Oxygen-Crosslinker Effect on the Electrochemical Characteristics of Asphalt-Based Hard Carbon Anodes for Sodium-Ion Batteries

Because direct carbonation of asphalt usually yields ordered graphite structure with unfavorable storage of sodium. Here, the asphalt preoxidation at a specific temperature in the air introduces oxygen-containing groups to connect the unsaturated aliphatic hydrocarbon and aromatic side chains, forming a disordered carbon skeleton to inhibit melting and rearrangement during carbonization.

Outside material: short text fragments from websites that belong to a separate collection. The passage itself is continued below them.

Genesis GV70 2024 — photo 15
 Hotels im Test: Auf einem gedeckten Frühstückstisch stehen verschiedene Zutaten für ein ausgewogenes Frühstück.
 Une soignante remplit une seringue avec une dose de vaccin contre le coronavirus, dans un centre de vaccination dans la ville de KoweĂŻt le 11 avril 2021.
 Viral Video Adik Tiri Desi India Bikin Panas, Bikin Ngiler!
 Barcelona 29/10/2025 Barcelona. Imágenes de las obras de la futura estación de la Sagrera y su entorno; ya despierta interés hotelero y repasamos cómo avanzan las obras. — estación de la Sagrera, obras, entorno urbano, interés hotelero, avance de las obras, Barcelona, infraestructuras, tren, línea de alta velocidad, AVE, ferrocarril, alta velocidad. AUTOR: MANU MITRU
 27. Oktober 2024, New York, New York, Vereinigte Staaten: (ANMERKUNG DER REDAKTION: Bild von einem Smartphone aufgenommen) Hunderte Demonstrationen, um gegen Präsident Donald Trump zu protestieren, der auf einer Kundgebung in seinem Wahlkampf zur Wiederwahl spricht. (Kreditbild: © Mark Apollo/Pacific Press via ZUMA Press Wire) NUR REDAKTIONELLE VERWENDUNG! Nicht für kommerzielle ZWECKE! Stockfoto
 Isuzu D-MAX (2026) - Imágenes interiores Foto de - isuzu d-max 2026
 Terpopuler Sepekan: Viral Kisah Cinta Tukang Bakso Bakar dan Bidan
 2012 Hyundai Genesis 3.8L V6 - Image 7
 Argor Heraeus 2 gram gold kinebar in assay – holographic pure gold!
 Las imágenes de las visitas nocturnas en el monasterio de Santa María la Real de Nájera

The abundant oxygen-containing groups hinder the growth of the carbon layers during pyrolysis, which promotes the formation of disordered phases and abundant micropores in asphalt-based hard carbons (HCs). The simultaneous increase in initial coulombic efficiency, capacity, and transport behavior of sodium ions in HCs is achieved by adjusting the carbon layer and micropore evolution. The optimized HCs display excellent initial coulombic efficiency of 86.14% with remarkable reversible capacity of 313.83 mAh g(-1) at 0.1 C and high-rate capability with 140 mAh g(-1) at 5 C. Pairing with O3-NaNi1/3Fe1/3Mn1/3O2 cathode, the full cell delivers a higher reversible capacity of 255.7 mAh g(-1) with an initial coulombic efficiency of 83.7% and long cycle life. Based on the microstructure and electrochemical behaviors of asphalt-based HCs, the "adsorption-insertion-pores-filling" sodium storage mechanism is proposed, providing guidelines for designing high-energy-density sodium-ion batteries.